▶ _Task description_
The data shown below should all be retyped exactly.

Stored records
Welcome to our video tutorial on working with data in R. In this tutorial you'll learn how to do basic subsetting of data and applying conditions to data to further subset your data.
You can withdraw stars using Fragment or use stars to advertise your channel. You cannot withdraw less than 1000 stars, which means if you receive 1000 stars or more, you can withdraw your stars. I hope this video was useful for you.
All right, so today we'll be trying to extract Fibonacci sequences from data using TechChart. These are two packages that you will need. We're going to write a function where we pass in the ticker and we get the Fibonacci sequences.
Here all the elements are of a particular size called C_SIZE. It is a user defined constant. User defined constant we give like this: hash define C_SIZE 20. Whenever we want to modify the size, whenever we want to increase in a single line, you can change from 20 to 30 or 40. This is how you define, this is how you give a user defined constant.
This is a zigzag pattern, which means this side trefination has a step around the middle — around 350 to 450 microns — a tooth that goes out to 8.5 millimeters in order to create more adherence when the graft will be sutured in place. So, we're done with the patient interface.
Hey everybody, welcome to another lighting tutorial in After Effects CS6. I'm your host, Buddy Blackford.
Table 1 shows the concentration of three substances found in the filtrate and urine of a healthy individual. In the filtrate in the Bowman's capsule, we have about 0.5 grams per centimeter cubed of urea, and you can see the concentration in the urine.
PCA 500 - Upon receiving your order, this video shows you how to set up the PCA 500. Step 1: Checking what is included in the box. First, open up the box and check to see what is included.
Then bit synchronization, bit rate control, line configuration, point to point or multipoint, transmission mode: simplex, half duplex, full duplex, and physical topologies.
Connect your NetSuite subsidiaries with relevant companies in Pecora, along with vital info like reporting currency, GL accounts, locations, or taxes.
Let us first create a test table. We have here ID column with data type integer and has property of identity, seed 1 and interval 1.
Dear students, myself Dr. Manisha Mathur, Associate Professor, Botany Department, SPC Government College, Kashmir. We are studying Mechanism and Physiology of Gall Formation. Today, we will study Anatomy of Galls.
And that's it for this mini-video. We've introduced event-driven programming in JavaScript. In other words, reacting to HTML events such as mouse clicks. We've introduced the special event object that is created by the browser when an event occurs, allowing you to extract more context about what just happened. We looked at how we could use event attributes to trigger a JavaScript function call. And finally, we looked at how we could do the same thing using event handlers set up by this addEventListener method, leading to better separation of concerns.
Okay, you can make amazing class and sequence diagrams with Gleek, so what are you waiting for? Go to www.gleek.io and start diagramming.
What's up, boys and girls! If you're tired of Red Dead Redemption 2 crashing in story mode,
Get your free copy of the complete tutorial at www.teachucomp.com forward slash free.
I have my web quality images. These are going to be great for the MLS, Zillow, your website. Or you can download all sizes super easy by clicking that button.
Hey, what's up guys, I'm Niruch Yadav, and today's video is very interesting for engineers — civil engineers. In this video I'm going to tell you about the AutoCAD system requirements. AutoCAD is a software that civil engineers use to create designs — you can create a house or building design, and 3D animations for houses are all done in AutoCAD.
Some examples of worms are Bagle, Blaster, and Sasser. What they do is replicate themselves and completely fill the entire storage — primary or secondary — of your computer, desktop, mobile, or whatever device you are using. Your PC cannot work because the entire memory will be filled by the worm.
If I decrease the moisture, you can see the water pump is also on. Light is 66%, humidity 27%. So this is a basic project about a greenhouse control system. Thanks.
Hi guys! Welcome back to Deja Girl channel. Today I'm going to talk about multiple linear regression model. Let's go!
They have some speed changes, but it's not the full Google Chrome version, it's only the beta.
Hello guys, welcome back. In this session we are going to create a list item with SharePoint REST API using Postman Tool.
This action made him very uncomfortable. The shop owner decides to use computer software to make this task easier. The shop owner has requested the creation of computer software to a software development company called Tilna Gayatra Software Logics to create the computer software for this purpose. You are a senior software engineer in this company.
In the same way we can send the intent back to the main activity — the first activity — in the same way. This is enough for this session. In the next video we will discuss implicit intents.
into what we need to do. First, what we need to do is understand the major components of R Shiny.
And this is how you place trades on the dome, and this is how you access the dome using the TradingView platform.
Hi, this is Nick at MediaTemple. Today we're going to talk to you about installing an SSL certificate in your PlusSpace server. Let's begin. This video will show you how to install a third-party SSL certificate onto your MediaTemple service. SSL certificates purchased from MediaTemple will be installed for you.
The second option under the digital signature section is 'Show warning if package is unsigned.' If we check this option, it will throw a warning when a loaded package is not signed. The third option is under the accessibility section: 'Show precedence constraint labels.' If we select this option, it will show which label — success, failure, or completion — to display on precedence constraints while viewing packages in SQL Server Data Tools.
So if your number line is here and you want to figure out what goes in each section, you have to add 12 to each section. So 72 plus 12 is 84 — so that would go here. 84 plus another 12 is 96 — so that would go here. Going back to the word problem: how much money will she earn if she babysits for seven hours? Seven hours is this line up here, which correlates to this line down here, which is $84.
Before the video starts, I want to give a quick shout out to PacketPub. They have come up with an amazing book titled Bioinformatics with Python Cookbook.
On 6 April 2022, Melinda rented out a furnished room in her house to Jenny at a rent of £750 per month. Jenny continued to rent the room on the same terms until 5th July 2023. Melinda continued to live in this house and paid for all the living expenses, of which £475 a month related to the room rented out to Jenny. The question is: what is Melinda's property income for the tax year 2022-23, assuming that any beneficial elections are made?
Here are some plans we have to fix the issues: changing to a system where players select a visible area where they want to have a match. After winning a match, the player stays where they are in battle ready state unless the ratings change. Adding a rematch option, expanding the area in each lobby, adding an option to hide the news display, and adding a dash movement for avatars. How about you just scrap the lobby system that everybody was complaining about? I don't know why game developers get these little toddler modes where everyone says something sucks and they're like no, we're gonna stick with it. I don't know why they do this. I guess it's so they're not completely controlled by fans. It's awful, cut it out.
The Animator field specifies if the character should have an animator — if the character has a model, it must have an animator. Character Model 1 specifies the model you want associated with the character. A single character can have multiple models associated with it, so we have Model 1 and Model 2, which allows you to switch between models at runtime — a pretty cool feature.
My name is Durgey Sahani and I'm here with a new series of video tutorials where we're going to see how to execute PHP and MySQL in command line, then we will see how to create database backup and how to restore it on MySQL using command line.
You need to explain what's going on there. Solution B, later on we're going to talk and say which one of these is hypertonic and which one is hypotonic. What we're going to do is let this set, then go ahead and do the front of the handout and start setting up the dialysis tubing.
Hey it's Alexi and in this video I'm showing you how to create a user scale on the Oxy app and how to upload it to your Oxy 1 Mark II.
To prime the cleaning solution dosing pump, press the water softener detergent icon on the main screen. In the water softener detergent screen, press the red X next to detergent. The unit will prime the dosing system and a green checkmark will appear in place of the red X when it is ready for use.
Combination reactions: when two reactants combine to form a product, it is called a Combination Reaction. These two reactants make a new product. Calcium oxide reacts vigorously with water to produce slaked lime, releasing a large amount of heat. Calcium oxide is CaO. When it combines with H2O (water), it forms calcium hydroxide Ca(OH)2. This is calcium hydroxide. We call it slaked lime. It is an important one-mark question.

▶ _Response to this exercise_
Welcome to our video tutorial on working with data in R. In this tutorial you'll learn how to do basic subsetting of data and applying conditions to data to further subset your data.
You can withdraw stars using Fragment or use stars to advertise your channel. You cannot withdraw less than 1000 stars, which means if you receive 1000 stars or more, you can withdraw your stars. I hope this video was useful for you.
All right, so today we'll be trying to extract Fibonacci sequences from data using TechChart. These are two packages that you will need. We're going to write a function where we pass in the ticker and we get the Fibonacci sequences.
Here all the elements are of a particular size called C_SIZE. It is a user defined constant. User defined constant we give like this: hash define C_SIZE 20. Whenever we want to modify the size, whenever we want to increase in a single line, you can change from 20 to 30 or 40. This is how you define, this is how you give a user defined constant.
This is a zigzag pattern, which means this side trefination has a step around the middle — around 350 to 450 microns — a tooth that goes out to 8.5 millimeters in order to create more adherence when the graft will be sutured in place. So, we're done with the patient interface.
Hey everybody, welcome to another lighting tutorial in After Effects CS6. I'm your host, Buddy Blackford.
Table 1 shows the concentration of three substances found in the filtrate and urine of a healthy individual. In the filtrate in the Bowman's capsule, we have about 0.5 grams per centimeter cubed of urea, and you can see the concentration in the urine.
PCA 500 - Upon receiving your order, this video shows you how to set up the PCA 500. Step 1: Checking what is included in the box. First, open up the box and check to see what is included.
Then bit synchronization, bit rate control, line configuration, point to point or multipoint, transmission mode: simplex, half duplex, full duplex, and physical topologies.
Connect your NetSuite subsidiaries with relevant companies in Pecora, along with vital info like reporting currency, GL accounts, locations, or taxes.
Let us first create a test table. We have here ID column with data type integer and has property of identity, seed 1 and interval 1.
Dear students, myself Dr. Manisha Mathur, Associate Professor, Botany Department, SPC Government College, Kashmir. We are studying Mechanism and Physiology of Gall Formation. Today, we will study Anatomy of Galls.
And that's it for this mini-video. We've introduced event-driven programming in JavaScript. In other words, reacting to HTML events such as mouse clicks. We've introduced the special event object that is created by the browser when an event occurs, allowing you to extract more context about what just happened. We looked at how we could use event attributes to trigger a JavaScript function call. And finally, we looked at how we could do the same thing using event handlers set up by this addEventListener method, leading to better separation of concerns.
Okay, you can make amazing class and sequence diagrams with Gleek, so what are you waiting for? Go to www.gleek.io and start diagramming.
What's up, boys and girls! If you're tired of Red Dead Redemption 2 crashing in story mode,
Get your free copy of the complete tutorial at www.teachucomp.com forward slash free.
I have my web quality images. These are going to be great for the MLS, Zillow, your website. Or you can download all sizes super easy by clicking that button.
Hey, what's up guys, I'm Niruch Yadav, and today's video is very interesting for engineers — civil engineers. In this video I'm going to tell you about the AutoCAD system requirements. AutoCAD is a software that civil engineers use to create designs — you can create a house or building design, and 3D animations for houses are all done in AutoCAD.
Some examples of worms are Bagle, Blaster, and Sasser. What they do is replicate themselves and completely fill the entire storage — primary or secondary — of your computer, desktop, mobile, or whatever device you are using. Your PC cannot work because the entire memory will be filled by the worm.
If I decrease the moisture, you can see the water pump is also on. Light is 66%, humidity 27%. So this is a basic project about a greenhouse control system. Thanks.
Hi guys! Welcome back to Deja Girl channel. Today I'm going to talk about multiple linear regression model. Let's go!
They have some speed changes, but it's not the full Google Chrome version, it's only the beta.
Hello guys, welcome back. In this session we are going to create a list item with SharePoint REST API using Postman Tool.
This action made him very uncomfortable. The shop owner decides to use computer software to make this task easier. The shop owner has requested the creation of computer software to a software development company called Tilna Gayatra Software Logics to create the computer software for this purpose. You are a senior software engineer in this company.
In the same way we can send the intent back to the main activity — the first activity — in the same way. This is enough for this session. In the next video we will discuss implicit intents.
into what we need to do. First, what we need to do is understand the major components of R Shiny.
And this is how you place trades on the dome, and this is how you access the dome using the TradingView platform.
Hi, this is Nick at MediaTemple. Today we're going to talk to you about installing an SSL certificate in your PlusSpace server. Let's begin. This video will show you how to install a third-party SSL certificate onto your MediaTemple service. SSL certificates purchased from MediaTemple will be installed for you.
The second option under the digital signature section is 'Show warning if package is unsigned.' If we check this option, it will throw a warning when a loaded package is not signed. The third option is under the accessibility section: 'Show precedence constraint labels.' If we select this option, it will show which label — success, failure, or completion — to display on precedence constraints while viewing packages in SQL Server Data Tools.
So if your number line is here and you want to figure out what goes in each section, you have to add 12 to each section. So 72 plus 12 is 84 — so that would go here. 84 plus another 12 is 96 — so that would go here. Going back to the word problem: how much money will she earn if she babysits for seven hours? Seven hours is this line up here, which correlates to this line down here, which is $84.
Before the video starts, I want to give a quick shout out to PacketPub. They have come up with an amazing book titled Bioinformatics with Python Cookbook.
On 6 April 2022, Melinda rented out a furnished room in her house to Jenny at a rent of £750 per month. Jenny continued to rent the room on the same terms until 5th July 2023. Melinda continued to live in this house and paid for all the living expenses, of which £475 a month related to the room rented out to Jenny. The question is: what is Melinda's property income for the tax year 2022-23, assuming that any beneficial elections are made?
Here are some plans we have to fix the issues: changing to a system where players select a visible area where they want to have a match. After winning a match, the player stays where they are in battle ready state unless the ratings change. Adding a rematch option, expanding the area in each lobby, adding an option to hide the news display, and adding a dash movement for avatars. How about you just scrap the lobby system that everybody was complaining about? I don't know why game developers get these little toddler modes where everyone says something sucks and they're like no, we're gonna stick with it. I don't know why they do this. I guess it's so they're not completely controlled by fans. It's awful, cut it out.
The Animator field specifies if the character should have an animator — if the character has a model, it must have an animator. Character Model 1 specifies the model you want associated with the character. A single character can have multiple models associated with it, so we have Model 1 and Model 2, which allows you to switch between models at runtime — a pretty cool feature.
My name is Durgey Sahani and I'm here with a new series of video tutorials where we're going to see how to execute PHP and MySQL in command line, then we will see how to create database backup and how to restore it on MySQL using command line.
You need to explain what's going on there. Solution B, later on we're going to talk and say which one of these is hypertonic and which one is hypotonic. What we're going to do is let this set, then go ahead and do the front of the handout and start setting up the dialysis tubing.
Hey it's Alexi and in this video I'm showing you how to create a user scale on the Oxy app and how to upload it to your Oxy 1 Mark II.
To prime the cleaning solution dosing pump, press the water softener detergent icon on the main screen. In the water softener detergent screen, press the red X next to detergent. The unit will prime the dosing system and a green checkmark will appear in place of the red X when it is ready for use.
Combination reactions: when two reactants combine to form a product, it is called a Combination Reaction. These two reactants make a new product. Calcium oxide reacts vigorously with water to produce slaked lime, releasing a large amount of heat. Calcium oxide is CaO. When it combines with H2O (water), it forms calcium hydroxide Ca(OH)2. This is calcium hydroxide. We call it slaked lime. It is an important one-mark question.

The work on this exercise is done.